Question:
Do grandparents have a chance of bringing up their grandchildren if the mother – their daughter – dies and her ex-husband lives abroad ?
Answer:
Grandparents can file for custody at the family court but the father, as the child’s natural guardian, will have priority as the choice of custodian. He is the first choice custodian and his right will only be taken away if there are exceptional reasons. Grandparents at best have visitation rights.
In one case the Tel Aviv Family Court decided that a father, a Swedish citizen and resident, should have custody of his10 year old son, who had been living in Israel since he was a toddler, following his mother’s sudden death. This was so although the professional report commissioned by the court recommended that the child should remain with his maternal grandparents in Israel – and although the child wanted this, too.
An Israeli citizen, the child’s deceased mother, had married in a civil ceremony in Sweden. After the couple divorced there, too, a Swedish court awarded them joint custody of the child. The mother brought the child to Israel to visit her family but never returned. The father eventually agreed to the child remaining in Israel but kept in regular phone contact with the child who visited Sweden every Summer. After the mother’s death when the child was 8, the boy moved in with his maternal grandparents, who lived adjacent to them, against his father’s wishes.
The court held that no exceptionally weighty reasons were found that justified preventing the father from gaining custody. He was said to be a positive person who had made suitable domestic and schooling arrangements for his son’s move to Sweden. It ordered psychological counselling to help prepare the child ,who loved his father and was well-balanced, for his new life. His worries about changing his lifestyle were normal, could be overcome and took second place to his father’s natural right to bring up his son, the court held.

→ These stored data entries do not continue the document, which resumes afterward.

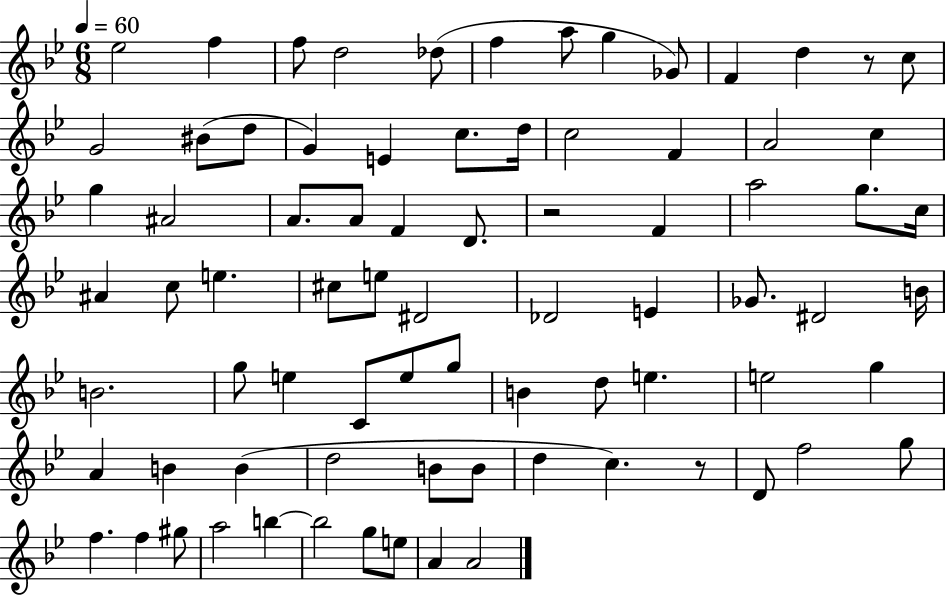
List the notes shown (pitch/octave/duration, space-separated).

Eb5/h F5/q F5/e D5/h Db5/e F5/q A5/e G5/q Gb4/e F4/q D5/q R/e C5/e G4/h BIS4/e D5/e G4/q E4/q C5/e. D5/s C5/h F4/q A4/h C5/q G5/q A#4/h A4/e. A4/e F4/q D4/e. R/h F4/q A5/h G5/e. C5/s A#4/q C5/e E5/q. C#5/e E5/e D#4/h Db4/h E4/q Gb4/e. D#4/h B4/s B4/h. G5/e E5/q C4/e E5/e G5/e B4/q D5/e E5/q. E5/h G5/q A4/q B4/q B4/q D5/h B4/e B4/e D5/q C5/q. R/e D4/e F5/h G5/e F5/q. F5/q G#5/e A5/h B5/q B5/h G5/e E5/e A4/q A4/h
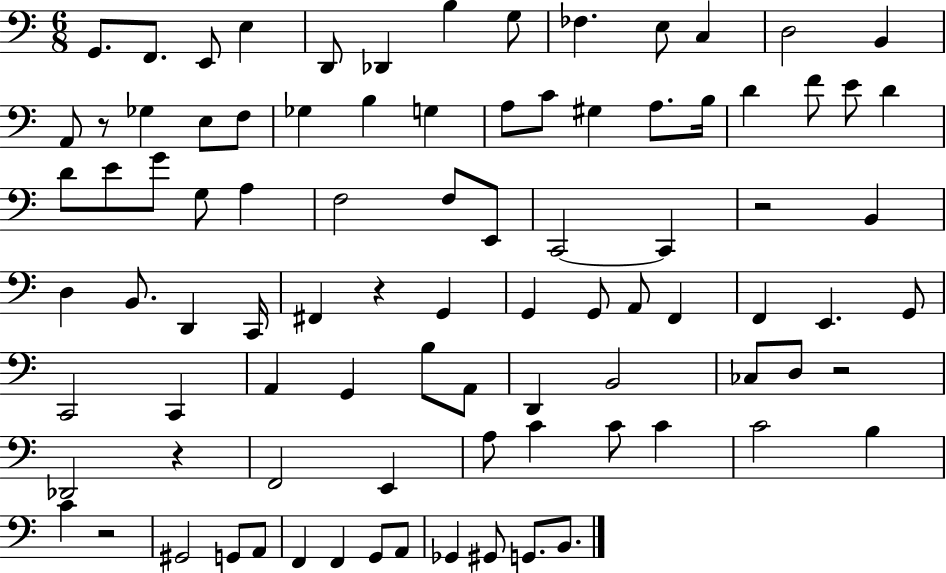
X:1
T:Untitled
M:6/8
L:1/4
K:C
G,,/2 F,,/2 E,,/2 E, D,,/2 _D,, B, G,/2 _F, E,/2 C, D,2 B,, A,,/2 z/2 _G, E,/2 F,/2 _G, B, G, A,/2 C/2 ^G, A,/2 B,/4 D F/2 E/2 D D/2 E/2 G/2 G,/2 A, F,2 F,/2 E,,/2 C,,2 C,, z2 B,, D, B,,/2 D,, C,,/4 ^F,, z G,, G,, G,,/2 A,,/2 F,, F,, E,, G,,/2 C,,2 C,, A,, G,, B,/2 A,,/2 D,, B,,2 _C,/2 D,/2 z2 _D,,2 z F,,2 E,, A,/2 C C/2 C C2 B, C z2 ^G,,2 G,,/2 A,,/2 F,, F,, G,,/2 A,,/2 _G,, ^G,,/2 G,,/2 B,,/2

Normally when the custody battle is between two biological parents the key factor is what is in the child’s good/best interest., and the views of a child can be accorded considerable weight. Where one parent dies ,however, and the custody battle is between the surviving parent and other relatives, the minor's wishes bear less weight. They become secondary to the surviving parent's natural right to bring up his child after the custodial parent's death, the court pointed out,.